Sitôt qu’il eut compris qu’il allait comprendre enfin quelque chose à ce mystère de jovialité et d’iniquité, M. Fauvel, replié dans son coin et les yeux enfoncés sous la visière de sa casquette de voyage : « Allons, se disait-il, voilà déjà un premier acte assez satisfaisant. Une pauvre femme abandonnée au milieu de ces rustres, aussi pitoyables que des sangsues ; un mari qui vient de mourir, laissant sa veuve et son héritage en proie à toutes les ambitions de la province ; une ville entière qui décide en son âme et conscience que cette infortunée épousera ce triste hère, et qui se fait un point d’honneur de lui donner ce mari ridicule, chacun prenant l’engagement tacite, inavoué, mais certain, d’imposer à cette innocente ce don Juan du fumier. Voilà un beau premier acte. » Et déjà notre homme, esprit inventeur, arrangeait, nommait, disposait ses héros, les faisant aussi pleutres, aussi petits, mesquins, avares, envieux et jaloux qu’il les avait sous les yeux.

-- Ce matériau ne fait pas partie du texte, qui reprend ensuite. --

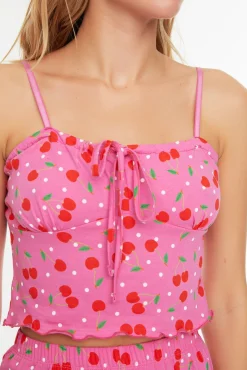 Pijama em algodão com decote redondo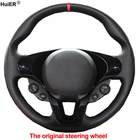 HuiER ручной швейный чехол рулевого колеса автомобиля красный маркер для Smart New Fortwo Forfour 2015 2016 2017 автомобильный Стайлинг авто защита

La route était montante ; on allait au pas. Le soleil était vif. Les voyageurs, qui avaient bien déjeuné, s’endormaient l’un après l’autre ; on ronflait déjà dans l’intérieur de la diligence, et seuls M. Romain, son homme d’affaires et certain voyageur en vins qui semblait très éveillé, poursuivaient, à voix beaucoup plus basse, la conversation commencée.

— Il était temps, monsieur Romain, disait le commis voyageur, de mettre en avant notre petite conjuration.